Questo tormento che agita il PD e che lo induce, ancora in queste ore, a trattative più o meno riservate per spartirsi gli incarichi che spettano alle minoranze parlamentari, oltre ad essere scorretto sul piano istituzionale è profondamente sbagliato, come peraltro confermano gli ultimi sondaggi che vedono il PD arretrare e i 5S superarlo nelle intenzioni di voto. Il commento che fa venire i brividi è che, secondo i sondaggisti, i 5s vengono percepiti come la vera sinistra! O tempora o mores!
Mi permetto di dire che questo risultato è veramente il capolavoro politico dell’attuale dirigenza democratica! Se malauguratamente si dovesse continuare su questa strada, sarà difficilissimo bloccare il processo involutivo che sembra una vera e propria maledizione della sinistra post comunista.
Quali sono le convergenze programmatiche tra i due Partiti? Pochissime o forse nessuna. Sulla politica energetica i 5s sono contro le trivellazioni per estrarre il gas dal nostro territorio, contro il degassificatori per utilizzare il gas liquefatto che ci viene dall’estero, contro il nucleare che viene visto come un pericolo mortale. Sui diritti civili sono ondivaghi senza un’idea precisa, sempre in bilico tra conservatorismo e leggere aperture. Giustizialisti fino all’inverosimile avrebbero eletto , se fosse dipeso da loro, Scarpinato, ex PG di Palermo, Presidente della Camera e De Raho, ex Procuratore anti mafia, Presidente del Senato, magari per preparare prima o poi(ma questo è un mio cattivo pensiero) l’elezione a Presidente della Repubblica di un ex PG della Cassazione o di qualche altro ex magistrato noto per le posizioni giustizialiste. Sulla guerra in Ucraina hanno la classica posizione di chi sostiene il popolo aggredito, ma a condizione di non metterlo in condizione di difendersi, condannandolo così alla capitolazione . Non parliamo della politica estera, rappresentata fino a poche settimane fa dall’ex loro capo politico, sulla quale è meglio sorvolare per evitare di colpire un corpo esanime. L’unica cosa sulla quale hanno le idee chiarissime è che il reddito di cittadinanza non si tocca, costi quel che costi!

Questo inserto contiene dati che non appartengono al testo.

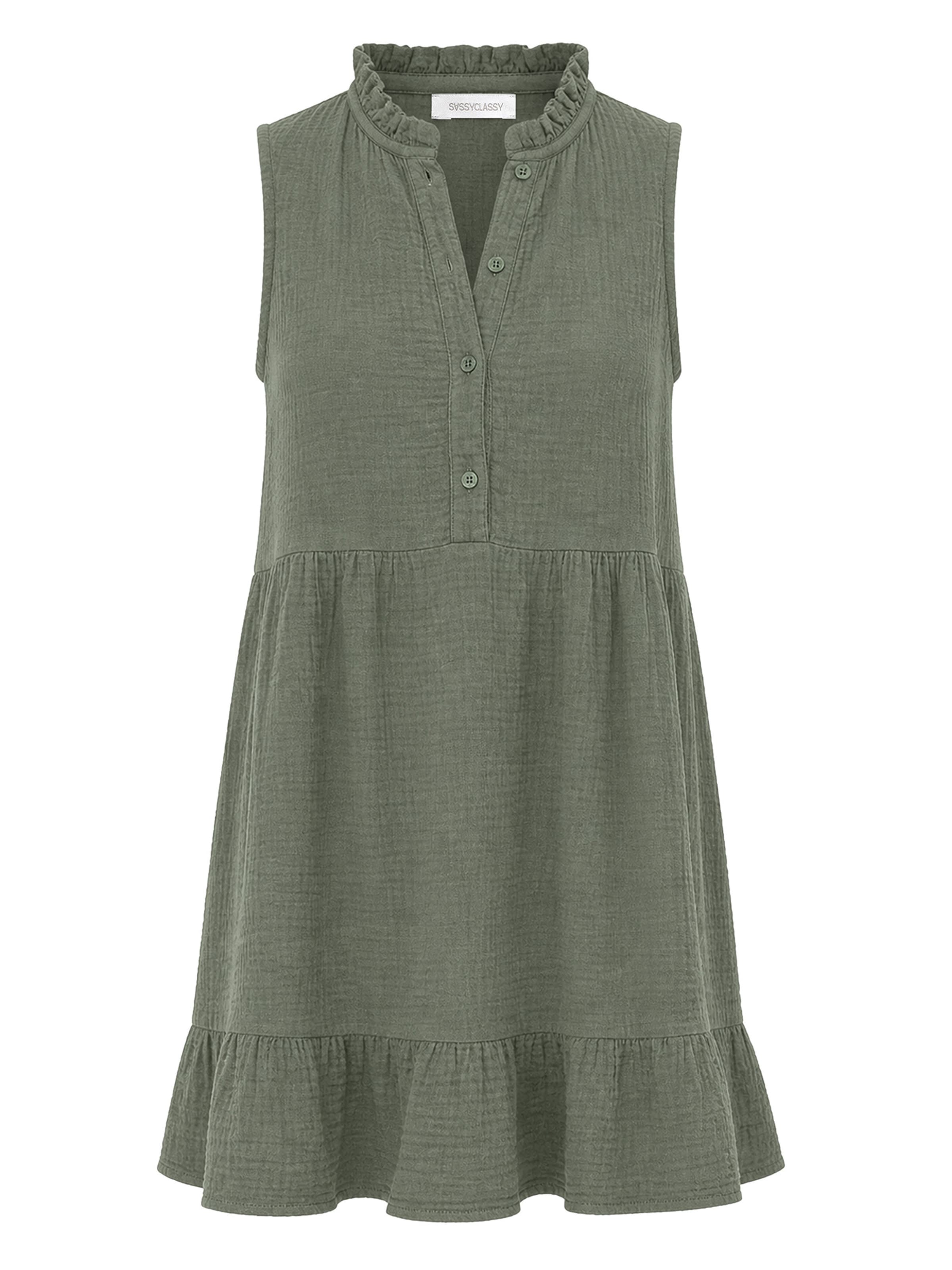 SASSYCLASSY Kleid‌ in 40 in khaki, Produktansicht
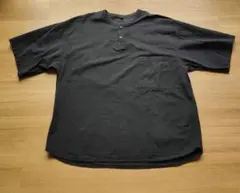 無印良品　ヘンリーネック　コットンポプリンTシャツ　М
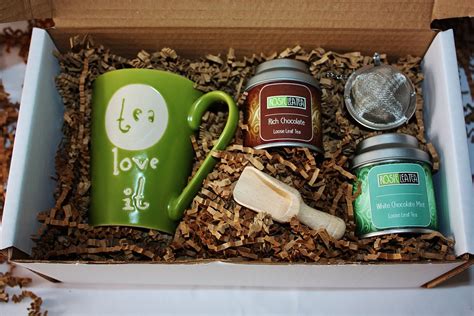 Green Mug Tea Gift Set Tea Gift Loose Leaf Tea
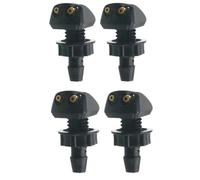 Ugello lavavetri doppio foro Compatibile Con Maggior Parte Modelli ABS Auto Ugello Lavavetri Doppio Foro Spray Detergente Ugelli Tergicristalli Per Jet(4PCS)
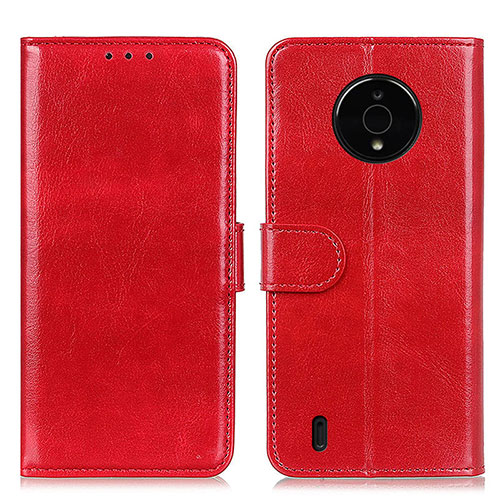 Leather Case Stands Flip Cover Holder M07L for Nokia C200 Red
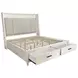 Americana Modern Cotton Queen Upholstered Storage Shelter Bed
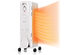 Costway 1500W Oil Filled Heater Portable Radiator Space Heater w/ Adjustable Thermostat - White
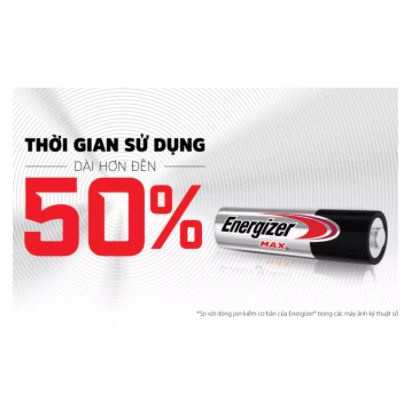 Vỉ 4 viên pin tiểu AA Energizer Max Alkaline 1,5V (Nhập khẩu Singapore)[Chính Hãng 100%]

Un moderno Partito social democratico, come il PD non ha mai voluto essere, libertario, egualitario, europeista e atlantista, difensore dei diritti civili e della parità di genere, contro le diseguaglianze e le discriminazioni, difensore del primato della politica e del garantismo contenuto nella Costituzione; tutto questo cosa può avere da spartire con chi condanna i privilegi di tutti gli altri e giustifica i propri, com’è il caso, per dirne solo una, dell’ex Presidente della Camera che, dopo avere sperimentato che spostarsi con i mezzi pubblici sarebbe molto scomodo, intende mantenere i benefit che le norme giustamente riconoscono agli ex presidenti delle Camere?
Mille volte meglio, per il PD, avere qualche segretario o questore in meno negli Uffici di Presidenza e qualche idea in più da portare avanti in autonomia, con serietà, chiarezza e decisione, senza questi ingombranti alleati. E’ chiedere troppo?